Contrasting the Six Influence Flows with the Traditional Emphases
It’s probably too simplistic but not too far off the mark to consider the historic focus of marketing and PR practice as being predominantly on the 1st influence flow (our influence with our stakeholders), with a bit of the 3rd in the form of the internal circulation of news clippings for example, and eliciting information with marketing research to improve one’s understanding of consumer preferences, attitudes, and behaviours (as long as you systematically ensure that these have an influence, of course).
Sometimes we also try to infer a 3rd flow (our stakeholders’ influence with us) from implicit data such as sales volume or growth – ‘it’s not selling as fast as we’d expected, there must be something they don’t like.’
Should a competitor have great success with their 1st flow (the competitor’s 1st flow is our 4th) then one might conduct some ad hoc research to find out how it acted upon stakeholders.
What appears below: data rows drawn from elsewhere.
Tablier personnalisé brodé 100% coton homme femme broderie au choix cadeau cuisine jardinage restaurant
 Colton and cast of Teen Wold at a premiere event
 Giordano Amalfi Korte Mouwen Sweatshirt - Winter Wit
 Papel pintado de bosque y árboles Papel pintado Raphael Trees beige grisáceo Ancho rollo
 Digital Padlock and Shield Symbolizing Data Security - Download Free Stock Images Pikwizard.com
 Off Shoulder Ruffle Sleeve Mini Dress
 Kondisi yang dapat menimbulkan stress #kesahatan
This traditional emphasis was probably down to a combination of what appeared to work at the time, what was expected at the time, and what was possible within the systematic and budget constraints of your typical marketing and PR operation. In my experience, too few marketing and PR teams have solid research capabilities, but this itself is an effect, not a cause – an effect of organizations’ inability to optimize resource to best meet the business objectives, but more on that later.